Shirts was selected by a committee of Duke music faculty. Music Professor Eric Pritchard, a member of Duke’s Ciompi Quartet, said faculty members were excited that Shirts could continue the tradition set by Kitchen, while also “reimaging the school.” The school receives support from the department and Duke’s Office of Durham and Regional Affairs.

“There were a lot of strong candidates and we felt that we needed someone who had a strong sense of what string pedagogy was all about and skills to implement it,” Pritchard said. “Erica, even though she doesn’t have years of experience, is coming from a background that is really going to be a great mix with the DUSS tradition.”

That background is anchored by several years of study at Indiana University’s acclaimed Jacobs School of Music. As an IU graduate student, Shirts studied string pedagogy and taught young musicians at the university’s string academy led by noted music instructor Mimi Zweig.

That experience is at the heart of her plans for the school. Already she is tweaking DUSS instruction, revising the introductory ensembles, introducing special technique classes for more individual training, establishing stronger uniformity in instruction across the school’s different ensembles and planning master classes involving area and visiting musicians.

Shirts says her IU training taught her an expectation of excellence and “the steps necessary to meet those high expectations, all while having a great time making beautiful music.”

Following her work in Indiana, Shirts and her husband moved to Raleigh where she worked with Katherine Wyatt and the Durham-based Kidznotes program to launch it in three Raleigh elementary schools. Modeled on a Venezuelan effort called El Sistema, Kidznotes aims to promote social change by supporting music education in underserved schools.

Erica Shirts

Shirts says she brings a strong emphasis on technique to the DUSS program.

Shirts says working with Kidznotes simply strengthened her interest in youth music education.
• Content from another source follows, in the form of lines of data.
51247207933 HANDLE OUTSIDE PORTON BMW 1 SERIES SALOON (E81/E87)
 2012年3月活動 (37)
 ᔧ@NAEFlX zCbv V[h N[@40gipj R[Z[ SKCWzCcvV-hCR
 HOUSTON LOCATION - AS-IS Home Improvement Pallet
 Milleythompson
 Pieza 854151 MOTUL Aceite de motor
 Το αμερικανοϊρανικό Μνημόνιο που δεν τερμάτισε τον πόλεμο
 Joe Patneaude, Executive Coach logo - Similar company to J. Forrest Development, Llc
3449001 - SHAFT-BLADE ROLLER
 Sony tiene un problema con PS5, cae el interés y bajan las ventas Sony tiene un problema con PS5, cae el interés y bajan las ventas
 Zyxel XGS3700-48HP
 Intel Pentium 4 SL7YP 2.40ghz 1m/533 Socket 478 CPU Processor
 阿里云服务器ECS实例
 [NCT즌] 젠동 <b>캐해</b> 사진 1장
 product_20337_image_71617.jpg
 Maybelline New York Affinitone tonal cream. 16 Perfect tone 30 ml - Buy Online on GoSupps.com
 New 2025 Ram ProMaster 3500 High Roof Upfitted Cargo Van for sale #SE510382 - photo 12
One of her goals will be to build upon the DUSS’ community outreach efforts, including developing a partnership with Kidznotes. Watching those children perform, she said, reminds her of the joy she felt when she first started the violin at age 5.

“Music education is imperative to a child,” Shirts said. “The child learns how to listen and how to play with others, but they also learn to fail. The best musicians in the world make mistakes.  Children have to understand that and understand that they best learn from their failures.”

“But I also simply believe music sets the mood for our lives.  Music is everywhere and if we want beauty in our lives, it behooves us to have the youngest generation supporting that.”

Shirts will teach beginning violin and violin technique classes, but most of her first year will focus on observing and learning about each of the children at all levels in the program. While she’s not conducting any of the DUSS ensembles, she’ll be a regular observer in the school’s Saturday practices, as she did recently during the run-through on the Beethoven piece.

“My goal this year is for every ensemble every concert to be as well prepared as possible,” she said. “My focus is on instrumental technical aptitude; I really put emphasis on excellence in performance.”

In succeeding Kitchen, Shirts says she “is in awe of what Dorothy has done with the school.”

“When I first came to Raleigh, I sent out emails to everyone involved in music training in the area.  Dorothy was very kind, invited me to concerts and introduced me to many of the DUSS teachers.  Over the next couple of years, every time I heard her name, it was clear she was a mainstay of the community; and when I came to the DUSS concerts in Baldwin, it was clear that she is a mainstay of the community.  Keeping that, keeping the school as part of the community is something that is very important to me.”